* _Given data_:
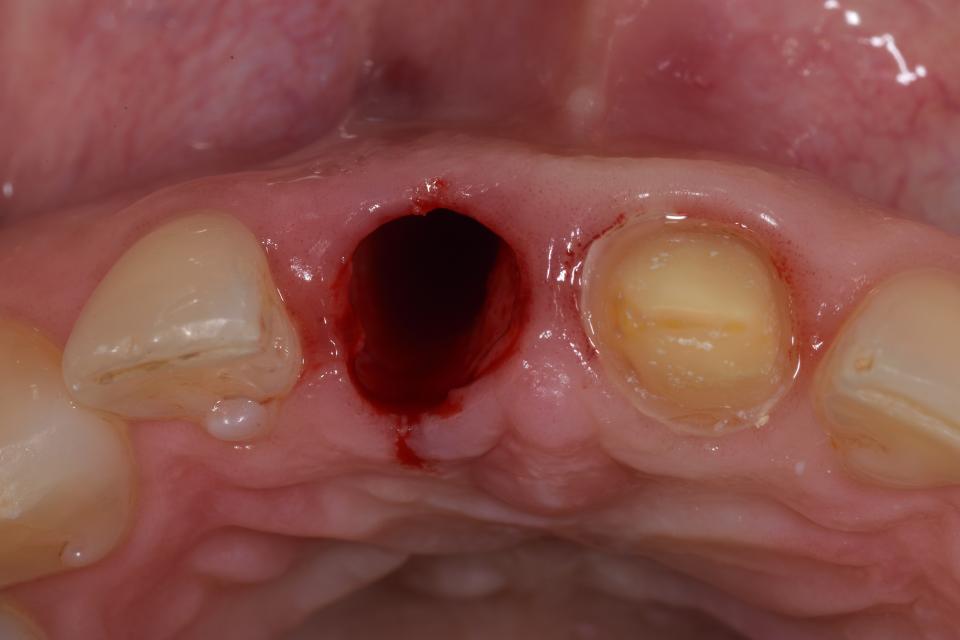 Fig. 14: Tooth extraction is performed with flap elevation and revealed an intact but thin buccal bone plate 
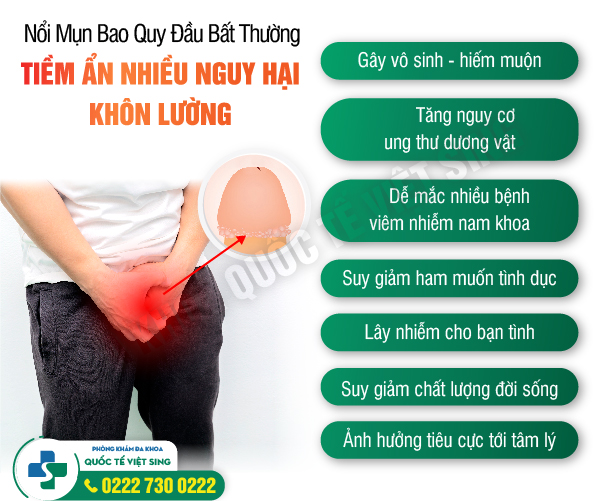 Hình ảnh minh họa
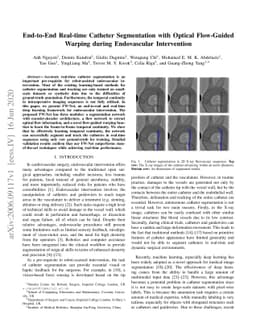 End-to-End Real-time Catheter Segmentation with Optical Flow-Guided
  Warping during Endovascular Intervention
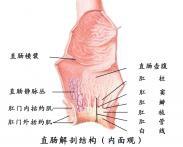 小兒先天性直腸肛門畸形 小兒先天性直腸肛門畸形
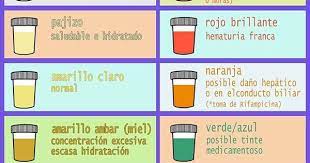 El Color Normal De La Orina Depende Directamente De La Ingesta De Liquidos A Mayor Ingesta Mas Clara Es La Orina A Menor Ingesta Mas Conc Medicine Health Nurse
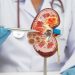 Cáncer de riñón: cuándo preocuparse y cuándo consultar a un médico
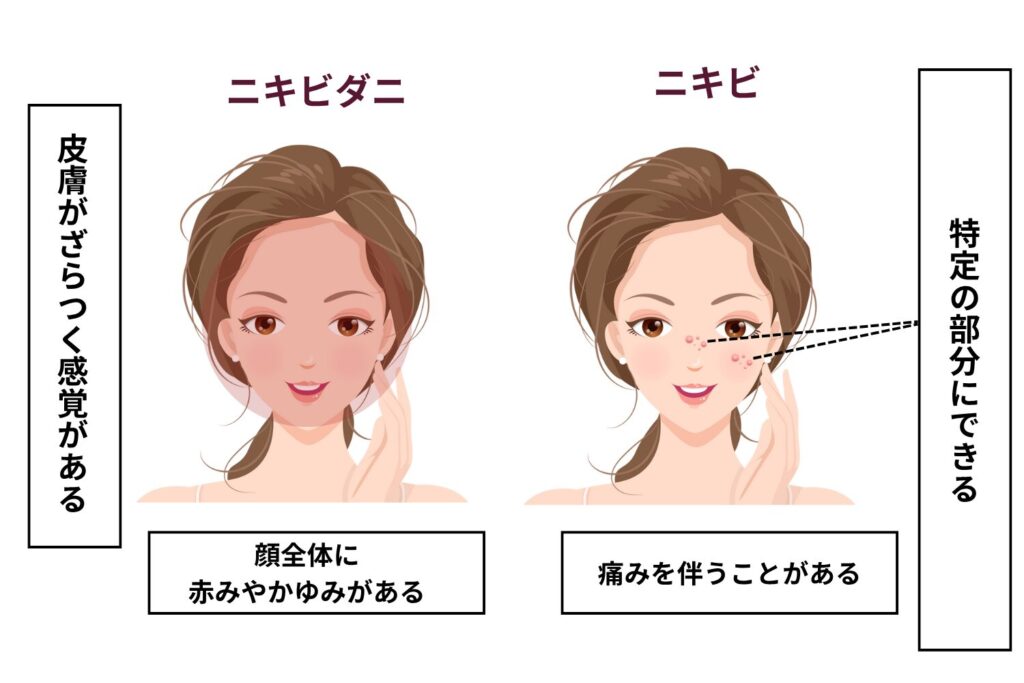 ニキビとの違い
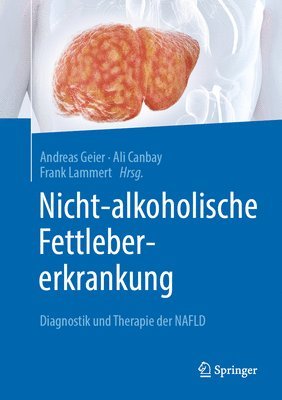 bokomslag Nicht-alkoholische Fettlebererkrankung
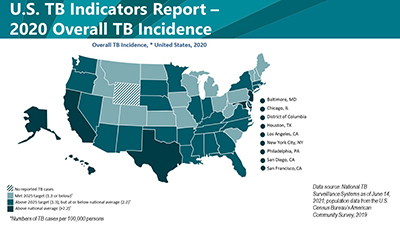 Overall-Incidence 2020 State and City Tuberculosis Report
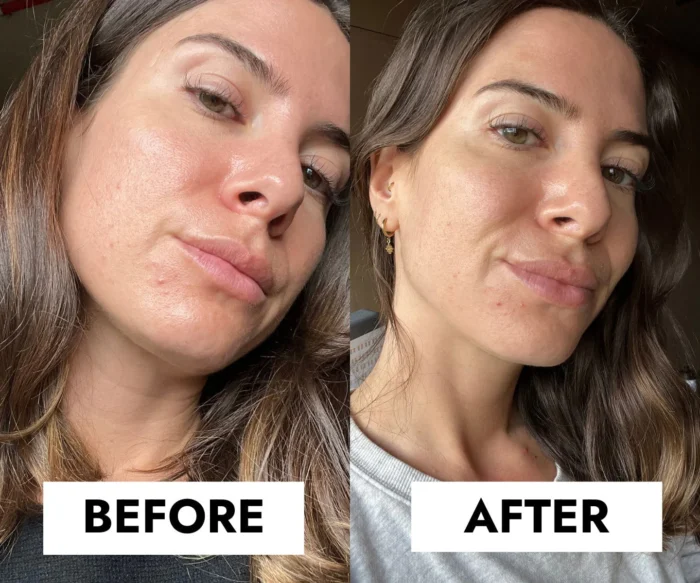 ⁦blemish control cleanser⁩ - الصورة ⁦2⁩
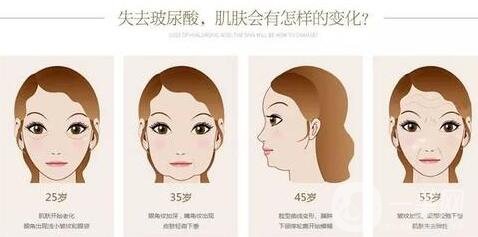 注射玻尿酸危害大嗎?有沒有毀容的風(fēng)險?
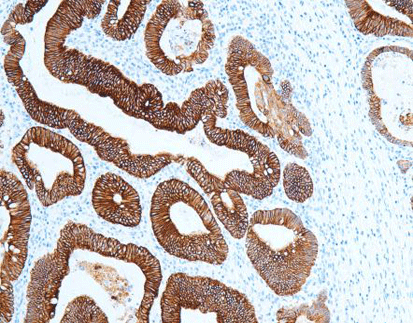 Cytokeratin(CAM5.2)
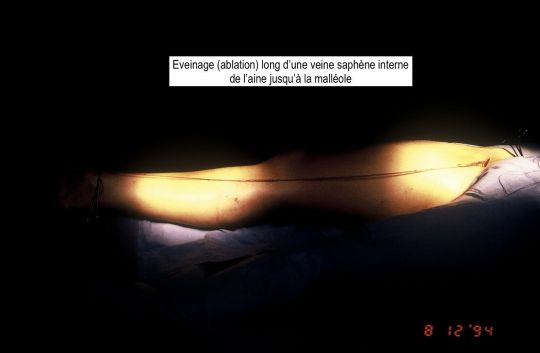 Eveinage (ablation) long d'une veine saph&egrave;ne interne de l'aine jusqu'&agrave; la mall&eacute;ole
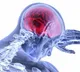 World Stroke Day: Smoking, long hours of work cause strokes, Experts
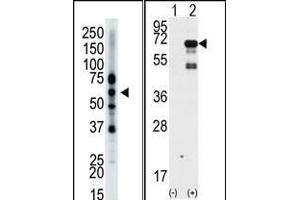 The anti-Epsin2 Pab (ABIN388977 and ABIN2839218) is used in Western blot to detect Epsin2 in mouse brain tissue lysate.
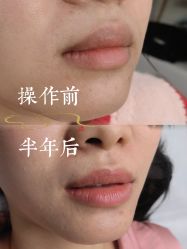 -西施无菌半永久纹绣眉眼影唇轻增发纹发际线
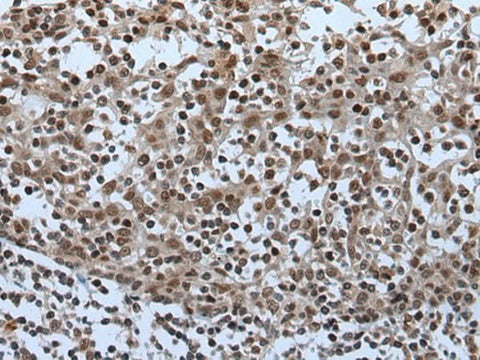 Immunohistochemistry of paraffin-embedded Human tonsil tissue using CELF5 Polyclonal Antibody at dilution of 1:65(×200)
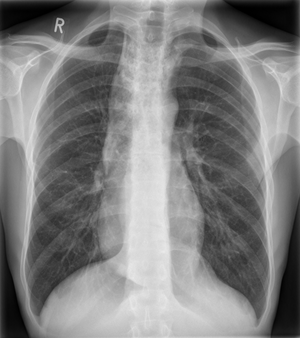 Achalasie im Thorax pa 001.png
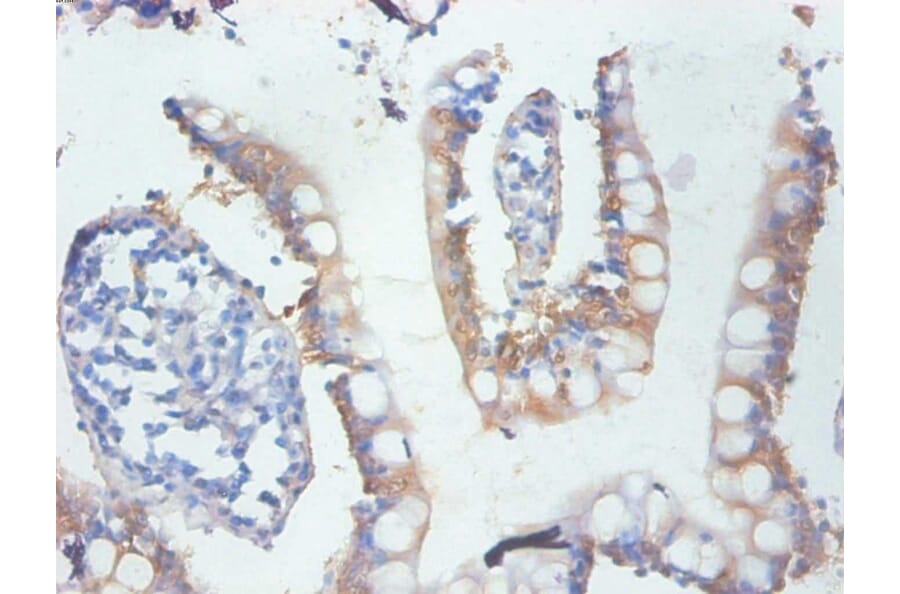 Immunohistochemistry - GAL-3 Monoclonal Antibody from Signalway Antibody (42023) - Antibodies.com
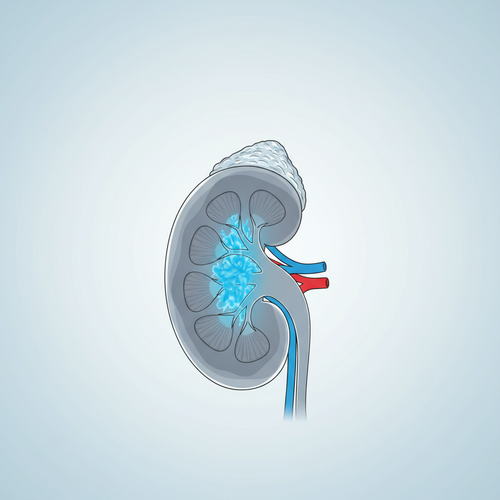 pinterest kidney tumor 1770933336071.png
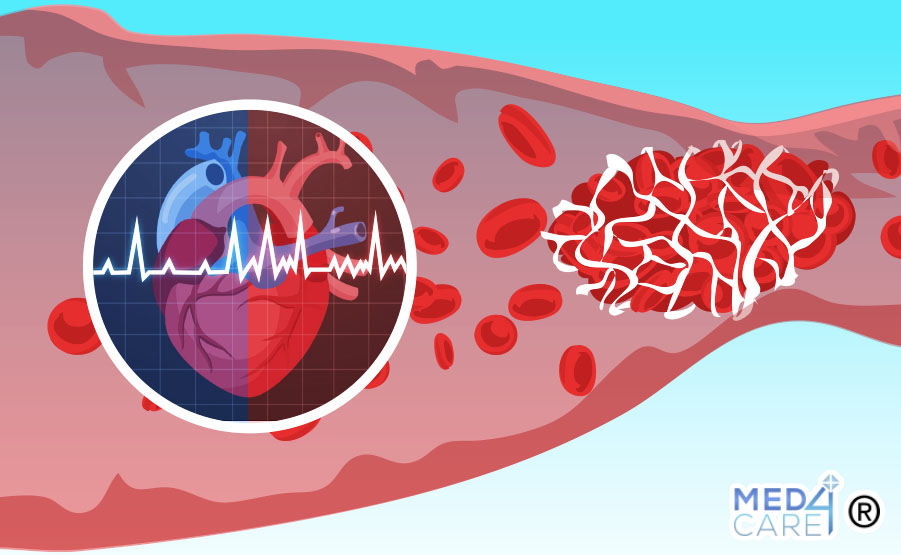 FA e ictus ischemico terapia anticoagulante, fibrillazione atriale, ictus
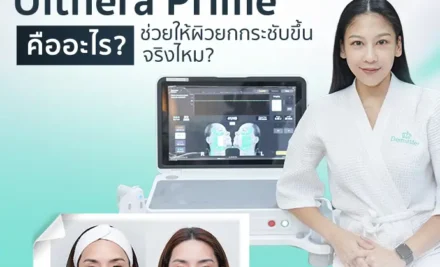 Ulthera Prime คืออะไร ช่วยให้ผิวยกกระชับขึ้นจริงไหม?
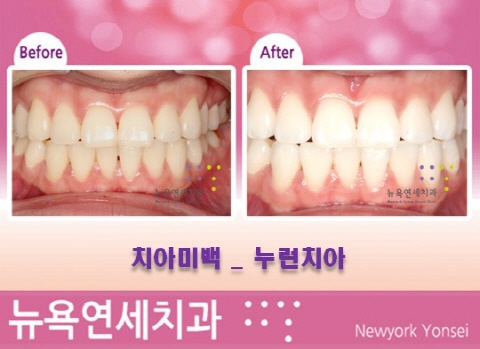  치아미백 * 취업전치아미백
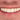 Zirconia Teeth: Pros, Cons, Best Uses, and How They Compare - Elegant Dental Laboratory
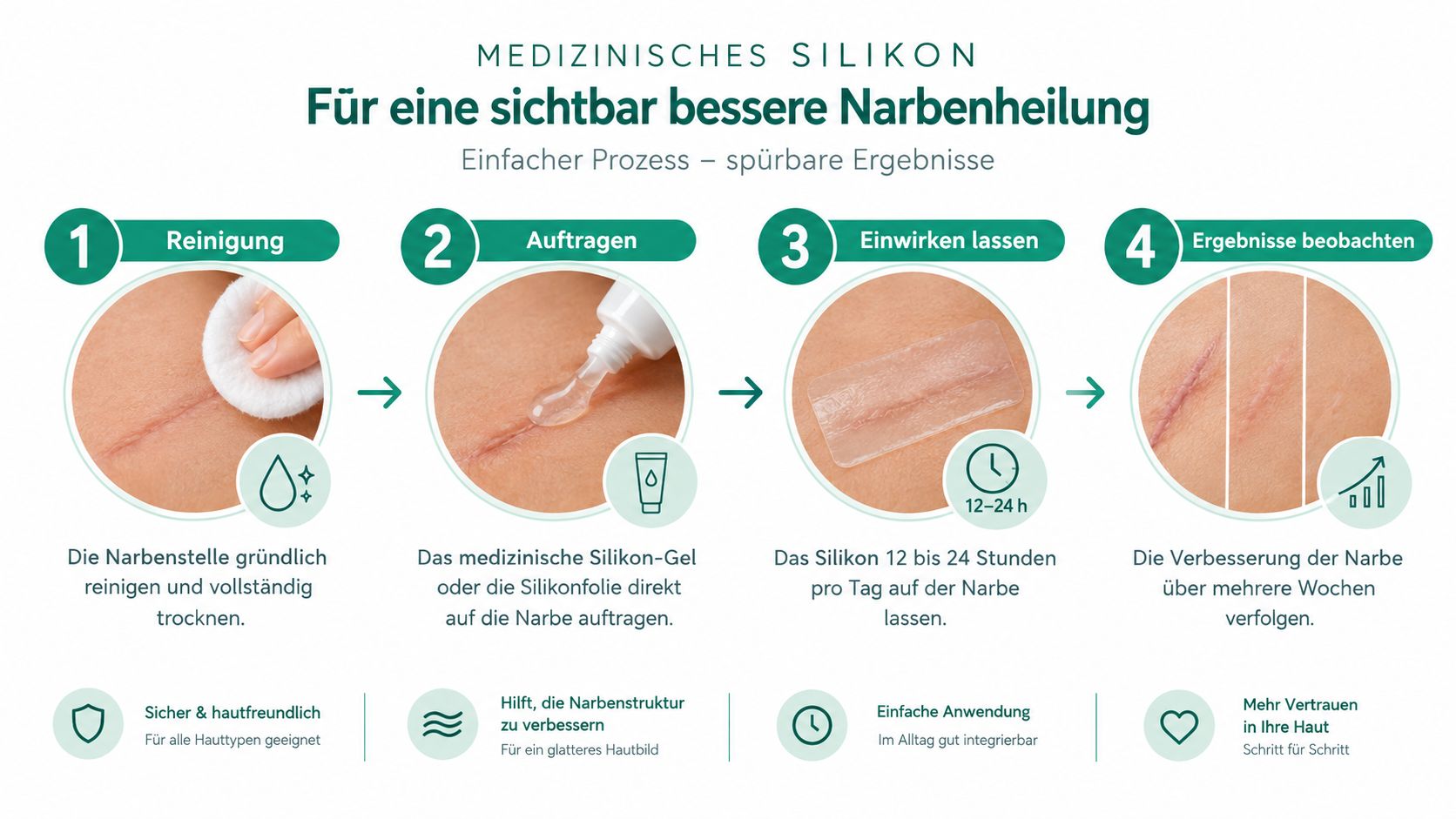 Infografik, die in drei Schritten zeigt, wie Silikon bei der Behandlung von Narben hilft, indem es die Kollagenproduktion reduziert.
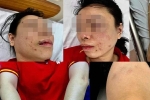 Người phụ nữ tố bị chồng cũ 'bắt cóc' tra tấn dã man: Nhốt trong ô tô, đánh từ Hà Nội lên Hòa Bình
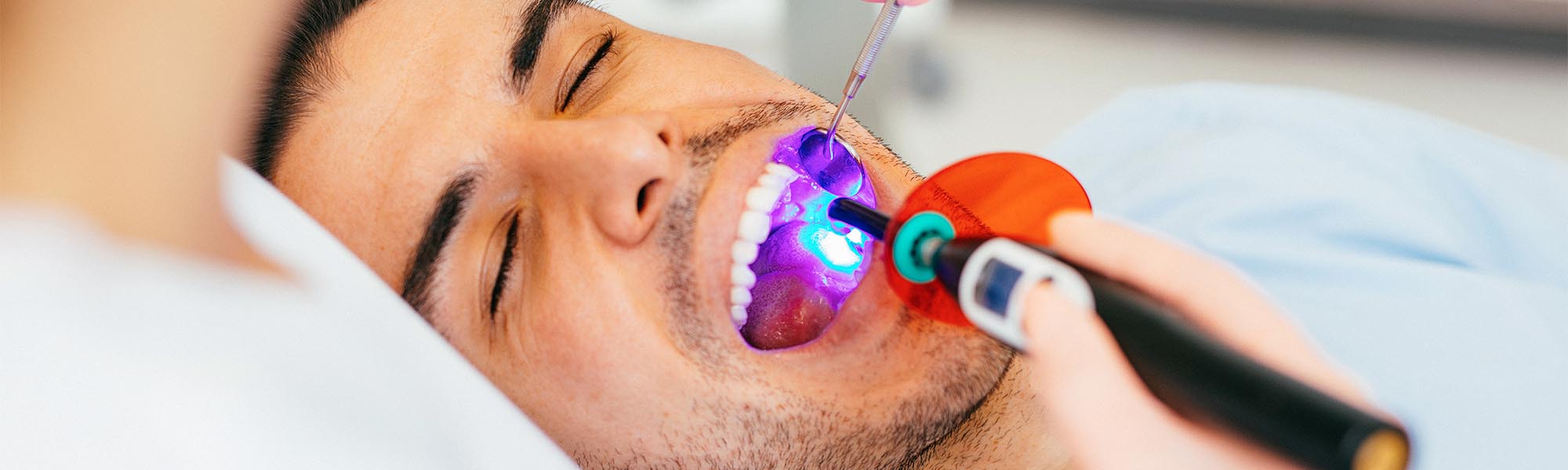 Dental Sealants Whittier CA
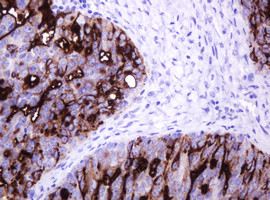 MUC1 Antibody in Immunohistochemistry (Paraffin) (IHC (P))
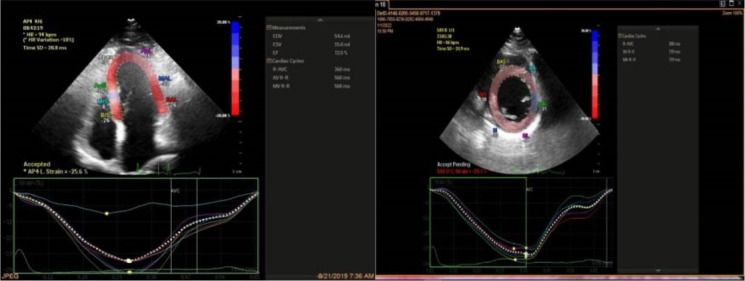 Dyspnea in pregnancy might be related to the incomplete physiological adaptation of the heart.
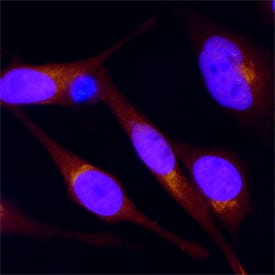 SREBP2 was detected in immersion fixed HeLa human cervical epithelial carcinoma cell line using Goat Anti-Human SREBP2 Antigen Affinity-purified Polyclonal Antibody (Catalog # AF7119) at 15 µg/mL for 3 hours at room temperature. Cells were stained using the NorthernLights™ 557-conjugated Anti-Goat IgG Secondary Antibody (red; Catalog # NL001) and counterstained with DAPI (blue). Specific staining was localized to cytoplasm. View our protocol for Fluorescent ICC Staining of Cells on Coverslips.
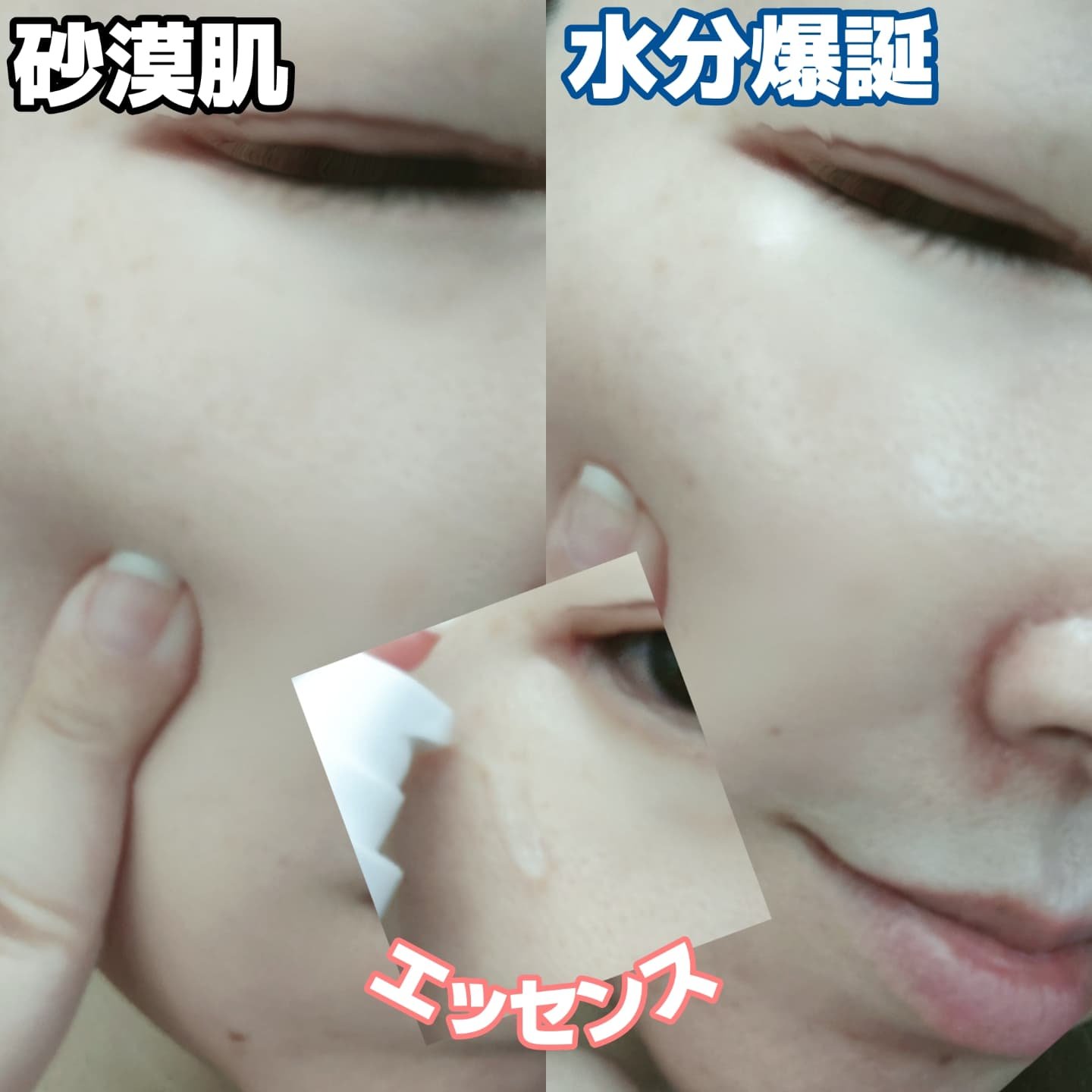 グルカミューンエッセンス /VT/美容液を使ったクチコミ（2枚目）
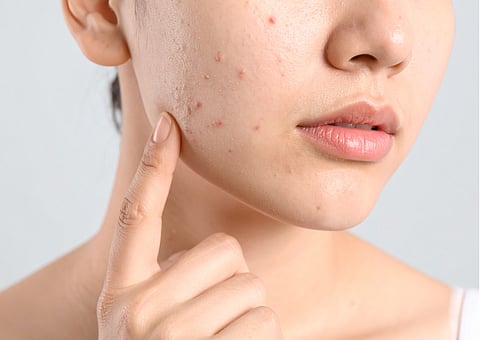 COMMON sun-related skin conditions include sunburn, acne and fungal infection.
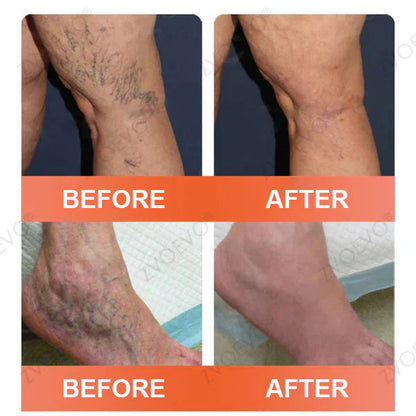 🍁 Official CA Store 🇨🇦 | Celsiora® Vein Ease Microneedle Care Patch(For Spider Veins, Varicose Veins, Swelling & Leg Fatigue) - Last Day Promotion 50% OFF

* _What to do_: Please leave out the pictures as you reproduce the lines exactly, from the first line of the entries through the line containing "Overall-Incidence 2020 State".

* _Solution_:
 Fig. 14: Tooth extraction is performed with flap elevation and revealed an intact but thin buccal bone plate 
 Hình ảnh minh họa
 End-to-End Real-time Catheter Segmentation with Optical Flow-Guided
  Warping during Endovascular Intervention
 小兒先天性直腸肛門畸形 小兒先天性直腸肛門畸形
 El Color Normal De La Orina Depende Directamente De La Ingesta De Liquidos A Mayor Ingesta Mas Clara Es La Orina A Menor Ingesta Mas Conc Medicine Health Nurse
 Cáncer de riñón: cuándo preocuparse y cuándo consultar a un médico
 ニキビとの違い
 bokomslag Nicht-alkoholische Fettlebererkrankung
 Overall-Incidence 2020 State and City Tuberculosis Report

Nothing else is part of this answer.